Short text fragments from websites:
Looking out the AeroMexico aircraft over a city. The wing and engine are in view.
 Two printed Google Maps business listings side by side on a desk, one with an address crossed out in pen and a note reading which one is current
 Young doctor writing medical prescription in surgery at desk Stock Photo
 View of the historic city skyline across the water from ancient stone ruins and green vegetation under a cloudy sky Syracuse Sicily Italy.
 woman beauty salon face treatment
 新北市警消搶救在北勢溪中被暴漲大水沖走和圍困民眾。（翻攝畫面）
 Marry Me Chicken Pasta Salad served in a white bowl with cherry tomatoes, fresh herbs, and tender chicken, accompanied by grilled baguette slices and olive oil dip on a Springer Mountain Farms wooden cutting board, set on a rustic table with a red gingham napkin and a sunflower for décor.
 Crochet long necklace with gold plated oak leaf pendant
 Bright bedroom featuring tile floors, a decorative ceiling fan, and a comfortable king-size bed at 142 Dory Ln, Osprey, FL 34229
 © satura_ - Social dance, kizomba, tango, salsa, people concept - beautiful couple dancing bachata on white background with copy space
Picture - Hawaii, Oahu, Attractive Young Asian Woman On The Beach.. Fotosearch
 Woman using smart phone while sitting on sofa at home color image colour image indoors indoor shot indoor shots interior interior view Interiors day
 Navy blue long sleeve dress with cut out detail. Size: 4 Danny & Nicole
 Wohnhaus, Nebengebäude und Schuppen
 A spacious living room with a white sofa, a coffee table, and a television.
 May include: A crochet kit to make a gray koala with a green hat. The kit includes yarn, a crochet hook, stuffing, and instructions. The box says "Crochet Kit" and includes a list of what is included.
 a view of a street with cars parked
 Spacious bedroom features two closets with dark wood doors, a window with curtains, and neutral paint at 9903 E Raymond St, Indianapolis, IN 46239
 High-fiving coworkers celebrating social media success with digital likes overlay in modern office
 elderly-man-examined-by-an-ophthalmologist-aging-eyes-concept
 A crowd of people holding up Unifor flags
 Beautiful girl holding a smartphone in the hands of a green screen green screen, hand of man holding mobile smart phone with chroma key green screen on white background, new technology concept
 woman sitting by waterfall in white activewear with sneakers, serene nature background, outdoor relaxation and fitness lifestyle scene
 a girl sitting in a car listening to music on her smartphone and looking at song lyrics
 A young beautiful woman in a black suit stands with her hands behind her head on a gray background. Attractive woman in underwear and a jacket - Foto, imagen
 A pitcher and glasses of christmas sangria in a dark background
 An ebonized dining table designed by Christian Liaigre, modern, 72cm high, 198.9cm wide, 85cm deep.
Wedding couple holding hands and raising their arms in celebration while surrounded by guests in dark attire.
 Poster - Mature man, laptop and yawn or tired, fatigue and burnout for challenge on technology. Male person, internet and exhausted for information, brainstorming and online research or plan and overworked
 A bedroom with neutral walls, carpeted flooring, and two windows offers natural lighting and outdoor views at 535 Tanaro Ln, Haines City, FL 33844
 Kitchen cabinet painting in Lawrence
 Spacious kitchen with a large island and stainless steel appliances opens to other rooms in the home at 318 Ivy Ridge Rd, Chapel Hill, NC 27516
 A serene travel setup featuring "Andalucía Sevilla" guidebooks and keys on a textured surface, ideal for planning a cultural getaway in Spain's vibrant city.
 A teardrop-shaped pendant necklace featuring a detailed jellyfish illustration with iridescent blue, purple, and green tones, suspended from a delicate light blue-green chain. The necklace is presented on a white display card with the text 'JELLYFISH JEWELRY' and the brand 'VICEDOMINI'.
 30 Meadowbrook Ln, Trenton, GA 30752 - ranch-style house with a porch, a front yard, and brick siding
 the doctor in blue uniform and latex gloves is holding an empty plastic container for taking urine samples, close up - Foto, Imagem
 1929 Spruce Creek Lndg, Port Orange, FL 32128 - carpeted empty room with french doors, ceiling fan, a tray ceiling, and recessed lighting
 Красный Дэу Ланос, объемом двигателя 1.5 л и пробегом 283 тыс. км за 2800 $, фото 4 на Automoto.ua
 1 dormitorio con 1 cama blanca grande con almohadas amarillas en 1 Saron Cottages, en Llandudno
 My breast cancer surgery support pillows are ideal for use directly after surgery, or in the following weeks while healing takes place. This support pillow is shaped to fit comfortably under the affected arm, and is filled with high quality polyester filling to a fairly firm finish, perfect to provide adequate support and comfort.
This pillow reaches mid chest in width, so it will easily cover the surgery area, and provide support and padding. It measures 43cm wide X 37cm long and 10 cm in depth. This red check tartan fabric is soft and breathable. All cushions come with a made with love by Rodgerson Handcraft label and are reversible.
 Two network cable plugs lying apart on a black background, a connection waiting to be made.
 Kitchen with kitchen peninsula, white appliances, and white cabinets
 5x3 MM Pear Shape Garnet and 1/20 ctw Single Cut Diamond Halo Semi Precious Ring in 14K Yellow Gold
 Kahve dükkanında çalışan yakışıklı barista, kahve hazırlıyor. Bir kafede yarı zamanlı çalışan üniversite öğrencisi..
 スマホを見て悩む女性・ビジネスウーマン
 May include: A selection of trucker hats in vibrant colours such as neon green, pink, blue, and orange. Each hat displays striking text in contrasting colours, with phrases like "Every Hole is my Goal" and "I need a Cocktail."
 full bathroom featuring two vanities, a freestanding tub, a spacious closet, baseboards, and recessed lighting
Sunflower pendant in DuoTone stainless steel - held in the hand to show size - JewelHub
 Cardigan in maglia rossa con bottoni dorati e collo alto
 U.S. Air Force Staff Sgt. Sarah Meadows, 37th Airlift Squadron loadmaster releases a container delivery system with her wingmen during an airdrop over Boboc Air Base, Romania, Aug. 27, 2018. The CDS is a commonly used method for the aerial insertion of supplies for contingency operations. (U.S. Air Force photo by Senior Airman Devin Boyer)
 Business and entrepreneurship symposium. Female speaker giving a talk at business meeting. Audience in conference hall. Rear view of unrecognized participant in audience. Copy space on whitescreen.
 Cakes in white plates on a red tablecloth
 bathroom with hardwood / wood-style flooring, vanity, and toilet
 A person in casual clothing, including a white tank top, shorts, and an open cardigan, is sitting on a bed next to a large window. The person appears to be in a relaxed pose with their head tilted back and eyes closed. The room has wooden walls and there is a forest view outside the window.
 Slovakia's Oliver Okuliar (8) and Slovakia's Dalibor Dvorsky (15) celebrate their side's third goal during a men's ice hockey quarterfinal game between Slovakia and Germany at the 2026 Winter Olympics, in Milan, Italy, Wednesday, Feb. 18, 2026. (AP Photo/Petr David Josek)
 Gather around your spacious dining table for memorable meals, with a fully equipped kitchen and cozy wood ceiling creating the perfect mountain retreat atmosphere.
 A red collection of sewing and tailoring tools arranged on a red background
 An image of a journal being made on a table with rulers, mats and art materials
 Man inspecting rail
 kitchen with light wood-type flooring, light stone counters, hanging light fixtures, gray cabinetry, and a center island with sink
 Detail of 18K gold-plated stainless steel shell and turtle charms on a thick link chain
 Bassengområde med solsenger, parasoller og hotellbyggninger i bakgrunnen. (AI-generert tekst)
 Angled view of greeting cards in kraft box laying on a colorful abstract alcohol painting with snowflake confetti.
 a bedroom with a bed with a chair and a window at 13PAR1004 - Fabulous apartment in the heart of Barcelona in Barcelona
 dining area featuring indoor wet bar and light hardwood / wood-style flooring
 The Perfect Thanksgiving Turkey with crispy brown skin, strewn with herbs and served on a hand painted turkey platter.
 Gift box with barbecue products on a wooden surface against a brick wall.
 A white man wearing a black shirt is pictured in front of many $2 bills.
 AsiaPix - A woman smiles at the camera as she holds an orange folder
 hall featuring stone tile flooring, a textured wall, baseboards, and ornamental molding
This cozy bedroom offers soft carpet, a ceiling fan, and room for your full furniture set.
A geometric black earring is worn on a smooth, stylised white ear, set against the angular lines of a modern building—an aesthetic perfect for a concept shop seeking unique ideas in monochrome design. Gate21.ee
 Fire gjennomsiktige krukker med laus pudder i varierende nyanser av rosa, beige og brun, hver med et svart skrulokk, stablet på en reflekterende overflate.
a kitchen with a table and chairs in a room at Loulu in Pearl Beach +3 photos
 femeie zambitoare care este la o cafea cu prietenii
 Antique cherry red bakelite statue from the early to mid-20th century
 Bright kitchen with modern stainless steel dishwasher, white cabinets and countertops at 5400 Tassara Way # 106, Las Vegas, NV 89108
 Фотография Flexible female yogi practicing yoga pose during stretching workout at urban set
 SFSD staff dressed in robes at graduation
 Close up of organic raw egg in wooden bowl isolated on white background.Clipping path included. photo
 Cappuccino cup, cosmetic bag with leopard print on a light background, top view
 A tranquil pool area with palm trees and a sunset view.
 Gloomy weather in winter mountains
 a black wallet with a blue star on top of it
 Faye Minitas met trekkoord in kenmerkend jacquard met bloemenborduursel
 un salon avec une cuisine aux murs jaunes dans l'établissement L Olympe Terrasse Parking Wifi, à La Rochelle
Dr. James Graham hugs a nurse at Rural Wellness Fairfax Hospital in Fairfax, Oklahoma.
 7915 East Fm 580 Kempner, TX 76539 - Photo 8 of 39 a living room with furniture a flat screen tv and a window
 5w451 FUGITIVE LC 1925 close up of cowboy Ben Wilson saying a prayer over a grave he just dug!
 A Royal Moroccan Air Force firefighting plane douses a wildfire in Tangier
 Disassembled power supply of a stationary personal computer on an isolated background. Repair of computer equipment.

TASK BRIEF: Reproduce every line in the records above that contains the word "lighting".

YOUR RESPONSE:
 A bedroom with neutral walls, carpeted flooring, and two windows offers natural lighting and outdoor views at 535 Tanaro Ln, Haines City, FL 33844
 1929 Spruce Creek Lndg, Port Orange, FL 32128 - carpeted empty room with french doors, ceiling fan, a tray ceiling, and recessed lighting
 full bathroom featuring two vanities, a freestanding tub, a spacious closet, baseboards, and recessed lighting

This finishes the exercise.